ELI Insights: Online Learning is an Opportunity, Not a Substitute

Article by Michael Fields, Assistant Professor | October 2, 2020

In March 2020, I was teaching a classroom full of ambitious students in our Academic Transitions program when the message came that we would be going into quarantine. With a complete campus shutdown looming, ELI teachers were given a hasty presentation of the fundamentals of using Zoom, and we continued from the safety of home, teaching as we had in the classroom. It felt temporary and hit-and-miss, but at the time it was the best we could do. I imagined we would be at home for a few weeks before being back in the classroom. Teachers and students alike did their best to make the most of this awkward situation. It later became clear that we would not be going back into the classroom anytime soon. We would have to do better than what we were doing in terms of online teaching. I took a course offered by UD’s Department of Education in online course design, and then spent the summer designing two new online courses for the AT program.
Of course, we miss our students, our classrooms, and the wonderful face to face interaction that makes language teaching exciting and dynamic. Of course students want to experience life in another culture, going out after class for lunch on Main Street, seeing friendly faces, making new friends from America and around the world. That’s the best part of being an international student. We all wish to return to campus, but not until we can ensure the safety of every one of our students, teachers, and administrators.

New online courses offer new possibilities that we have never had in face to face classes. Students can take classes from Newark, Delaware. Students who have relatives in Philadelphia, Boston or San Francisco can take the same courses, and they are joined by students still at home in China or the Middle East. Students who cannot buy the books in their home countries can purchase e-books and follow along.

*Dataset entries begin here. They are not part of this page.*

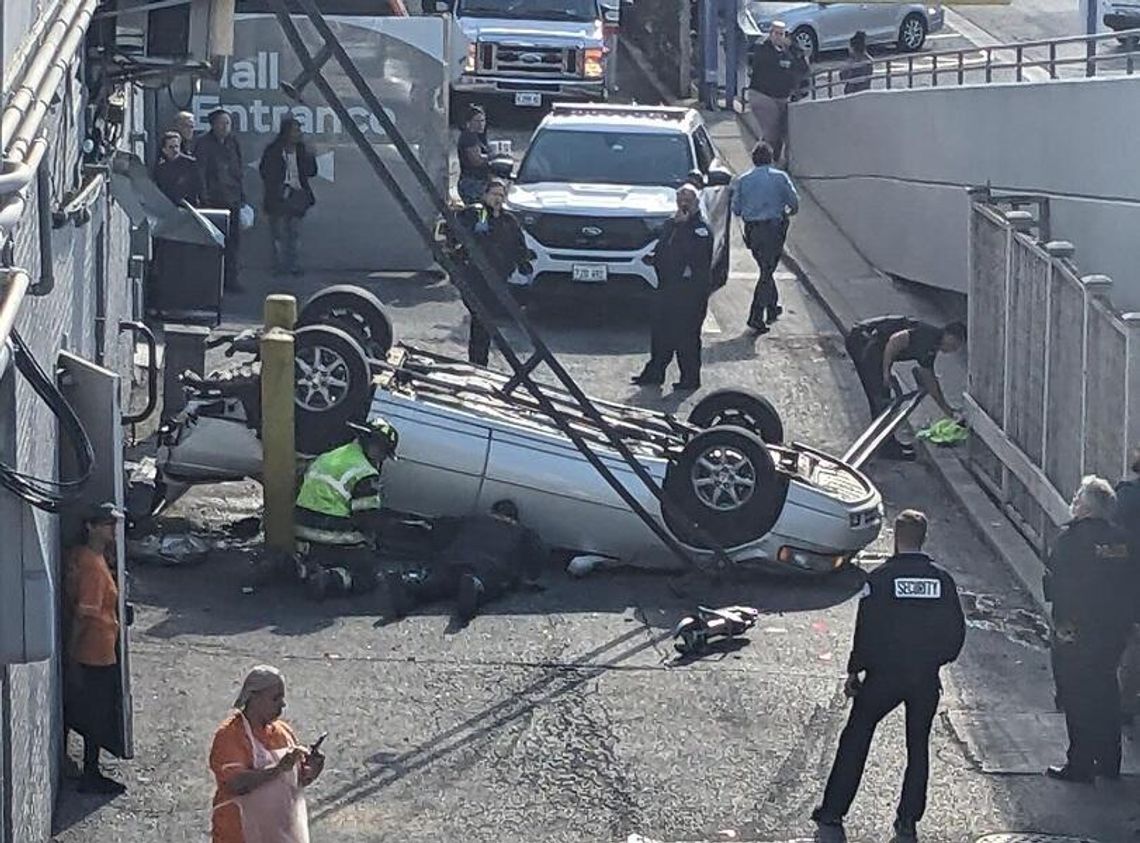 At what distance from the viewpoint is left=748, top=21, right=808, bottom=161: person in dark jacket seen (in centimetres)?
2958

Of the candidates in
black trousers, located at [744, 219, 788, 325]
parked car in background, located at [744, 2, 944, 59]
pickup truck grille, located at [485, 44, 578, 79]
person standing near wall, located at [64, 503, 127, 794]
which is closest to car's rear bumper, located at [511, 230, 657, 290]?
black trousers, located at [744, 219, 788, 325]

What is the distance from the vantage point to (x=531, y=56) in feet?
103

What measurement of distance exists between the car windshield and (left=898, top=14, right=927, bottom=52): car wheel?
54.4 feet

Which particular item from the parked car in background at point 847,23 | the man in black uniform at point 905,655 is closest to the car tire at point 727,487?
the man in black uniform at point 905,655

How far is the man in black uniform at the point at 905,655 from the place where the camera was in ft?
32.9

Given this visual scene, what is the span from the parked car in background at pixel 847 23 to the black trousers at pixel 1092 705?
2706 centimetres

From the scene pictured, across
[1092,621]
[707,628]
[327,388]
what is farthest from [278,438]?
[1092,621]

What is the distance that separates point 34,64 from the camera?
8.02 m

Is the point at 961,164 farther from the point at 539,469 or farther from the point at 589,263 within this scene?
the point at 539,469

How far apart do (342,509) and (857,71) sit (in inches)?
644

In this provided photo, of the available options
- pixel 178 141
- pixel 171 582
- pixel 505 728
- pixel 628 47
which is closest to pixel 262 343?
pixel 171 582

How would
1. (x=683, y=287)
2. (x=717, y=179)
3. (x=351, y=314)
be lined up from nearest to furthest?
(x=351, y=314)
(x=683, y=287)
(x=717, y=179)

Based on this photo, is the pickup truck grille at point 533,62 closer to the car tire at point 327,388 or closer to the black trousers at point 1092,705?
the car tire at point 327,388

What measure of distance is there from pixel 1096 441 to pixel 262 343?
5.09 meters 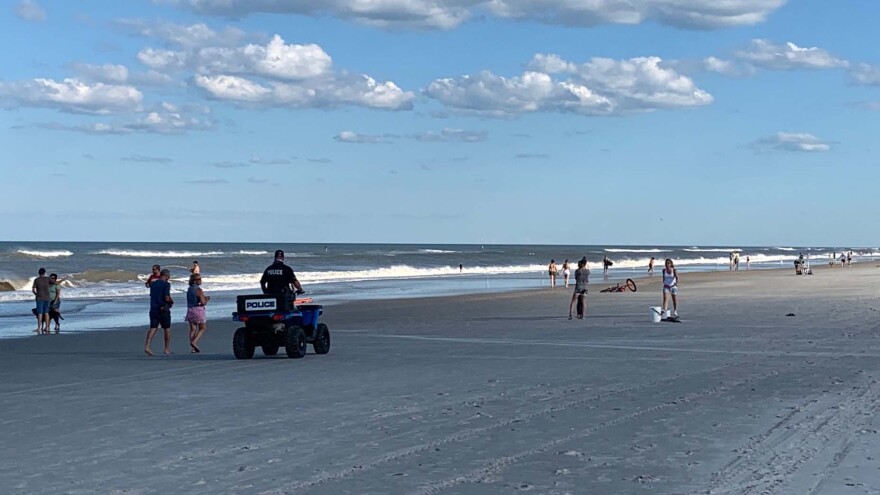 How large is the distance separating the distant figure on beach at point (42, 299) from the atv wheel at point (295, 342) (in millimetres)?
9368

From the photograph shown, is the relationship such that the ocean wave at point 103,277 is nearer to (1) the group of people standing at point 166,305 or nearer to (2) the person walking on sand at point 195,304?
(1) the group of people standing at point 166,305

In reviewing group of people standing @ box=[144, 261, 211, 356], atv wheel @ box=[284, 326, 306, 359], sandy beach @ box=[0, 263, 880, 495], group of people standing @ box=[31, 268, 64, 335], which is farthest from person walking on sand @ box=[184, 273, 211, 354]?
group of people standing @ box=[31, 268, 64, 335]

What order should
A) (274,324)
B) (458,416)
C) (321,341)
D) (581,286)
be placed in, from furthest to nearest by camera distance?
(581,286) → (321,341) → (274,324) → (458,416)

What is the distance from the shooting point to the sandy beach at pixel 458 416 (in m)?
8.59

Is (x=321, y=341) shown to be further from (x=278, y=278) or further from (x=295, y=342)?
(x=278, y=278)

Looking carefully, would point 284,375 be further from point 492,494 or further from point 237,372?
point 492,494

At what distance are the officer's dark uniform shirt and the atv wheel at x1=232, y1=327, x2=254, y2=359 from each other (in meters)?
1.05

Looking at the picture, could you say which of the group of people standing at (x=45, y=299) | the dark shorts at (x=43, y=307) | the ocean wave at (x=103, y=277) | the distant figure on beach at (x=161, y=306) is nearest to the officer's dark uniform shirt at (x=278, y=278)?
the distant figure on beach at (x=161, y=306)

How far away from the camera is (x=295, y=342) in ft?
61.1

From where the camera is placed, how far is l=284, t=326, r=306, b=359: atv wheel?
18.6 metres

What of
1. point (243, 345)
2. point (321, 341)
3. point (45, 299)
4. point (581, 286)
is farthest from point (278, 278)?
point (581, 286)

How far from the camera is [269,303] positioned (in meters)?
18.2

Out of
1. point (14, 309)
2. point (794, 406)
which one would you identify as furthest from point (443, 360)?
point (14, 309)

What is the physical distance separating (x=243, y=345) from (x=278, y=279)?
1.52 metres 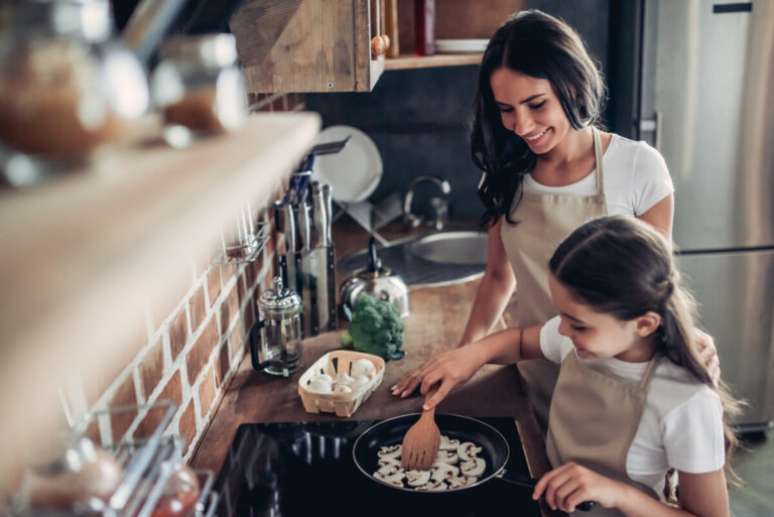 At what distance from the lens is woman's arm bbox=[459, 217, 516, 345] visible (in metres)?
1.96

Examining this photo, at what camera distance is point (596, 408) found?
1.51 m

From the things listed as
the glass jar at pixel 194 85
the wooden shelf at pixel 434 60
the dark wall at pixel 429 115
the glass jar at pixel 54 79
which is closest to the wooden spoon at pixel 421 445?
the glass jar at pixel 194 85

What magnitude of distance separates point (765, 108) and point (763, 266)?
2.01 feet

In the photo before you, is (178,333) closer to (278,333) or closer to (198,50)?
(278,333)

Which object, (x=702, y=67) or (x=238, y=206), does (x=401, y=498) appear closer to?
(x=238, y=206)

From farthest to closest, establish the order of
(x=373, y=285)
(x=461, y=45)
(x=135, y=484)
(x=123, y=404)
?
(x=461, y=45) < (x=373, y=285) < (x=123, y=404) < (x=135, y=484)

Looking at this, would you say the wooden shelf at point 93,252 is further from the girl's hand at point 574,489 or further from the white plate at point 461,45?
the white plate at point 461,45

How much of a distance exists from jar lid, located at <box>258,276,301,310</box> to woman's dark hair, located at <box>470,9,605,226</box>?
54cm

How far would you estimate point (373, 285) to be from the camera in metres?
2.18

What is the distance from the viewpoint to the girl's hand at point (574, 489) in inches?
50.6

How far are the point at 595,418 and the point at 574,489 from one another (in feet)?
0.82

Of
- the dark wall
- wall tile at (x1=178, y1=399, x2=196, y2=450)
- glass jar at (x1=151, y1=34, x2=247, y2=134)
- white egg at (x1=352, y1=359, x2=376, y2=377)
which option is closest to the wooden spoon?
white egg at (x1=352, y1=359, x2=376, y2=377)

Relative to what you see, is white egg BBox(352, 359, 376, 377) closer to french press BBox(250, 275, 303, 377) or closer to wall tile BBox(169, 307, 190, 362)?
french press BBox(250, 275, 303, 377)

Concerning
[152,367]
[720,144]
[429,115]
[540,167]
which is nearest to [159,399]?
[152,367] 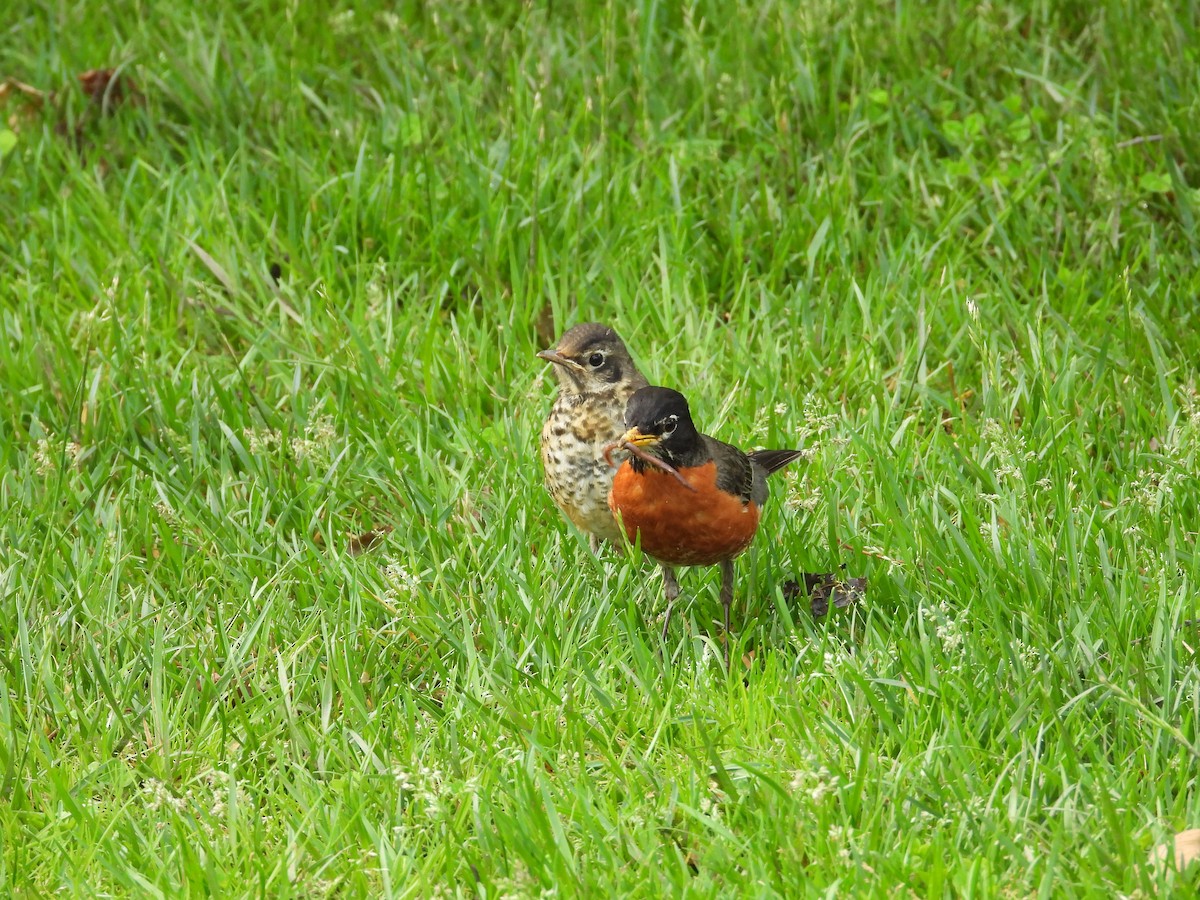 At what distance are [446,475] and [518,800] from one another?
6.17 ft

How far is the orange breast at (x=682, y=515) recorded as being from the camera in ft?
13.9

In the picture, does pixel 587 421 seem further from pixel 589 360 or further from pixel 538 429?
pixel 538 429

What is perhaps most exciting is that these new courses are not just copies of the face to face courses, but designed to work online, with new and interesting online components. Students now have a lot more freedom and control over their study materials. While we meet in class every day at the appointed times, our web-based instruction also allows students to work independently on new and different kinds of assignments. Even halfway around the world, students can find the times that fit their schedule to work through readings, vocabulary and grammar exercises, and take quizzes when it best suits them. Students can do presentations and post them to our class website, for all to see and comment on.

I’ll be very happy to see the day when we will all be able to leave our houses and come back to campus, and I will again be able to see my students face to face. But I also think that the online models of instruction that we have designed will be here to stay, because for many, it will be a better alternative. It is not so much a substitute as a new choice in how to study that can suit the needs of every kind of student.